Sunday, July 12, 2009

Nanjing

For the weekend, I decided to take a little trip to Nanjing, which is about a two hour car trip north of Shanghai. My uncle drove me there and made a one night detour at Yangzhou. Before I go on, a little about my uncle. He apparently has made a fortune from the air conditioning sector and the nursing home sector (apparently both are booming) and has friends who are among the rich and powerful in China. At about 6:00 PM he tells me we are going to dinner. What he did not tell me is that I was going to go eat dinner (and drink/watch others get drunk) with some of the most powerful local politicians and cadres around the area.

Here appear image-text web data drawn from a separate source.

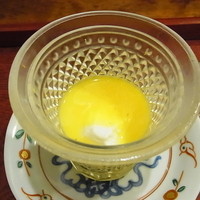 徳うち山 - 湯葉のムース入り冷製カボチャのスープ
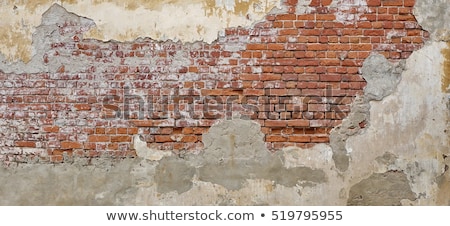 Foto d'archivio: Exposed Red Vintage Brick Wall Texture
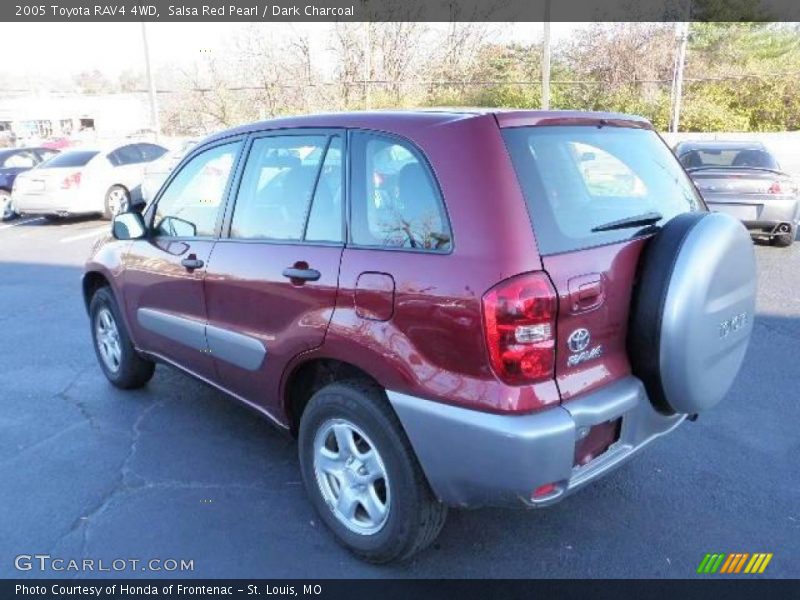 Salsa Red Pearl / Dark Charcoal 2005 Toyota RAV4 4WD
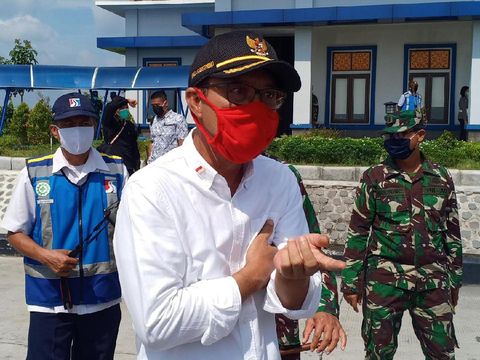 Bupati Ngawi Budi Sulistyono atau yang akrab disapa Kanang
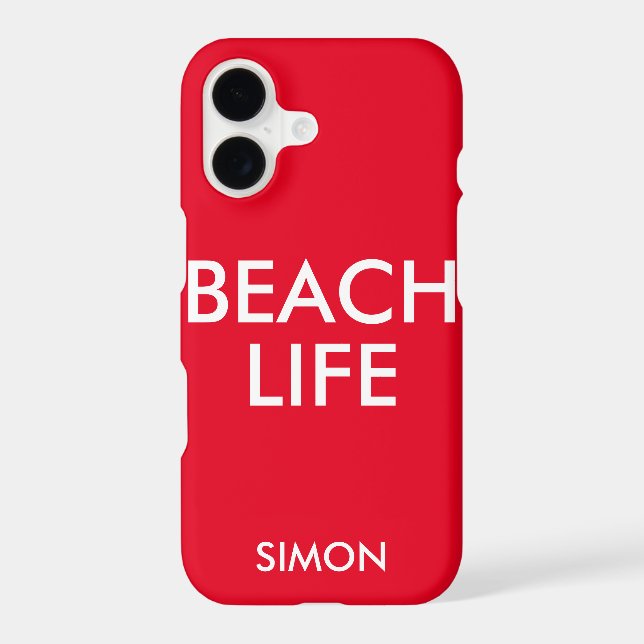 Beach Life Lifeguard Gift Red (Back)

It was absolutely surreal. I did my best to play the American part by wearing my moccasin cap and doling out folkisms and proverbs about woodsmen and skunks or something. Well, not really, but they were amused by me. All Chinese seem to know three words, "OK" "Hello" and "No problem" (though I've been trying to introduce "No biggie" to the Middle Kingdom) and at one point during the night, they all started yelling OK OK OK OK OK OK OK OK OK OK at me. The deputy general of the regional Communist Party was also insistent on high-fiving me. repeatedly I did not know what was going on. They were pretty nice as people. At the same time, I got this feeling that every single one of them was corrupt, though this is entirely unsubstantiated. Its not like anyone was restricting Uighur relgious freedoms or plotting to bomb America like the popular media might have us imagine, but it just didn't feel right to me. Might be more my problem than theirs though...

I arrived at Nanjing the following day to live with my cousin for a few days or so. Right when I stepped out of my car, my entire body, from my nostrils to my fingers, from my head to my toes, from my eyes to my nose, from right ear to my...uh...nostril, started dripping with sweat. This place is hot. Luckily, I brought my old track uniform and old-schooled fittysix and sligh'd it.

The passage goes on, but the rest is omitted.